Wednesday, April 28, 2010

"Reasonable" and the Law: Some Thoughts on Arizona's Immigration Bill

Any practicing lawyer (I make this qualification for a reason, to be addressed) knows well that the word "reasonable" is often used in the law, as a standard.  There's that "reasonable person" one always hears of, for example, in civil negligence cases.  "Reasonably acceptable" is a phrase one encounters in contracts.  Variants of "reasonable" appear often as well.  In contracts, consent to a particular act frequently is not to be "unreasonably withheld."  And, of course, there is constitutional prohibition of "unreasonable search and seizure."

Lawyers and courts have been dealing with "reasonable" and, for that matter, "unreasonable" as standards or requirements for quite some time.  There is a huge amount of case law dealing with what is or is not "reasonable" in given circumstances.  Sometimes, there is statutory language specifiying what is not reasonable which can be referred to by those enforcing and interpreting law.

I've been a practicing lawyer for what I must reluctantly admit to be a long time.  This makes it rather hard for me to understand what I believe to be the very unreasonable response of some to Arizona's recently adopted immigration law.  Some of the declaiming going on strikes me as almost hysterical.  Even my favorite editorial catoonist, Pat Oliphant, is indulging in comparison with the Nazis.

I think that all must admit that there is such a thing as illegal immigration.  There's even a federal law, mirable dictu. Also, there seems to be considerable evidence that there are a large number of illegal immigrants in our glorious republic.

The concern of the bill's opponents appears to arise from the fact that the law allows persons to be questioned or investigated if there is a "reasonable suspicion" that the law is being violated.  In fact, "reasonable suspicion" is already a basis on which a person may be stopped and questioned under the law.  Law enforcement may, under well established law, do all sorts of additional things once "probable cause" exists, and even "probable cause" that a law is being violated is something considerably different from absolute certainty that a law is being violated.  One has to wonder why an inference is being made that "reasonable suspicion" will, in practice, mean something dramatically different from what it already means.  As the law apparently expressly states that a person is not to be stopped, questioned or investigated based solely on his race or appearance (which, of course, tells us something about what is not "reasonable suspicion") one is even more inclined to wonder why such an inference is apparently being made.  If there is no such inference being made, one has to wonder just what the concern may be.

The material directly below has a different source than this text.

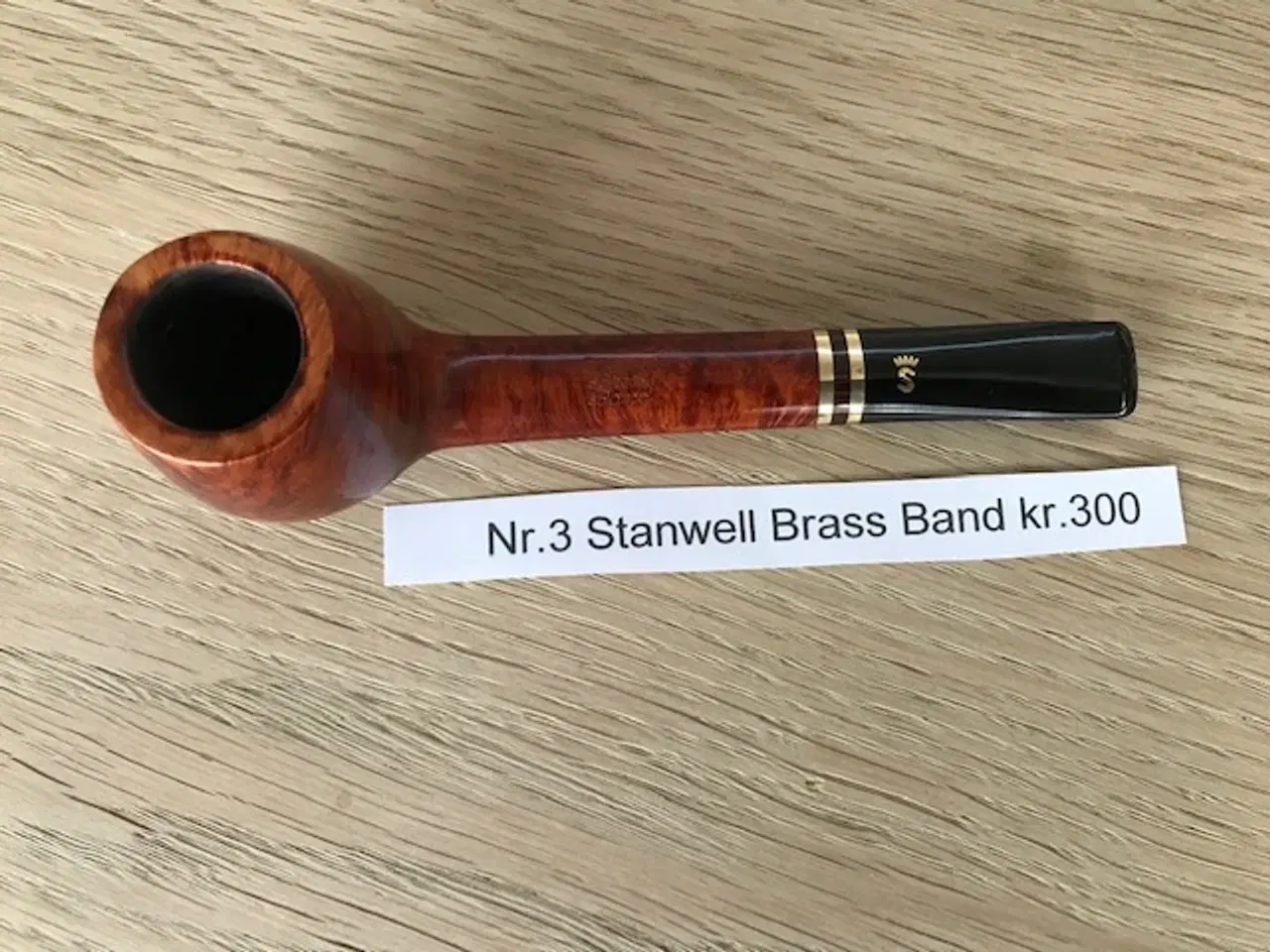 Billede 5 - Stanwell piber pris fra stk kr.275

Concerns regarding the misuse of law by law enforcement are, to me, perfectly understandable and significant, and all should be done to prevent this kind of misconduct.  However, the exercise of judgment always takes place whenever a law is being enforced.  Sometimes, it's not properly exercised.  Sometimes, laws are misused.  Sometimes, law enforcement acts improperly.  But, there doesn't seem to be any credible reason, at this time, to think this particular law difers from others by allowing or encouraging the unreasonable exercise of judgment, misuse or misconduct.

So, miserable cynic that I am, I tend to think that the opponents of this Arizona law are not primarily motivated by any legitimate legal concerns.  If that's the case, I think they would be more honest--and honorable--if they simply took the position that immigration should not be illegal, or that the law which already exists and has existed for some time making immigration illegal should be significantly altered.

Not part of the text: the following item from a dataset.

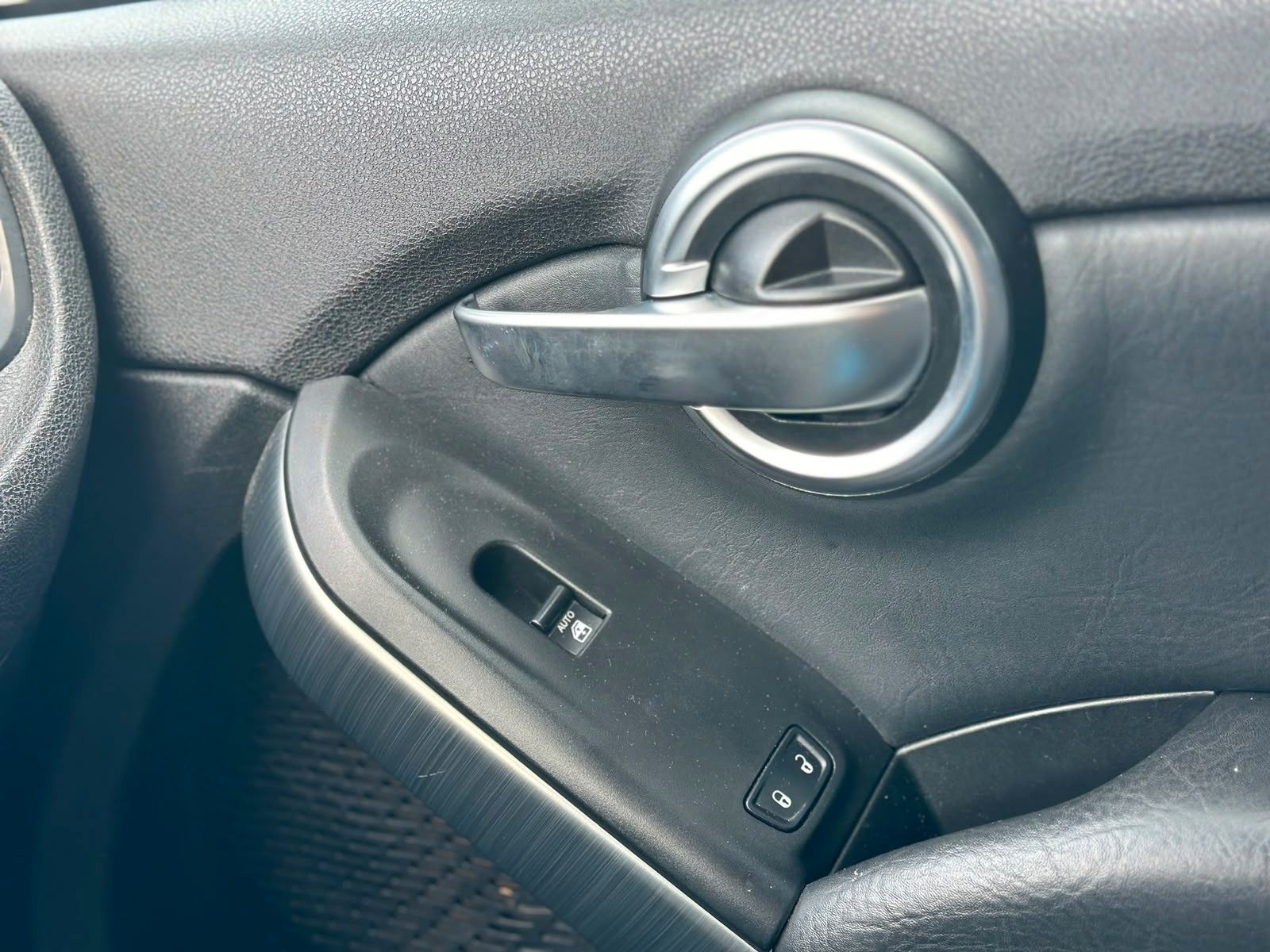 Fiat 500X – Bild 21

Many of our elected officials are lawyers.  I tend to think lawyers make bad politicians.  We're not good at representing, at the same time, the interests of large numbers of people.  Our training is in the representation of particular individuals or entities, as to particular disputes.  Generally, were not supposed to represent more than one party in a dispute, because of the obvious potential for conflict of interest.  That's a topic for a different day.

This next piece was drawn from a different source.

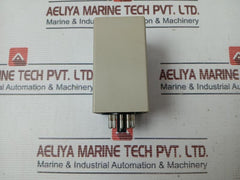 Omron 61F-gp-nt1 Floatless Level Switch 110Vac 50/60Hz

Many of our elected officials are lawyers who have not practiced law for any significant period of time, however.  They've gotten their law degree, but have done other things.  They've taught, perhaps, or became involved in politics just after got their degree, or worked in some non-legal capacity.  It's possible, I suppose, that a lawyer who has never practiced law or did so in some limited capacity is not aware of the fact that the law deals with such concepts as "reasonable suspicion" on a fairly regular basis.  So, I'm willing to cut those lawyers who may be conjuring visions of Nazis in these circumstances, as well as those opponents of this law who are not lawyers, some slack.  Not much, though.  If there are legitimate bases on which to oppose this law, I don't think any in politics or the media have raised them yet.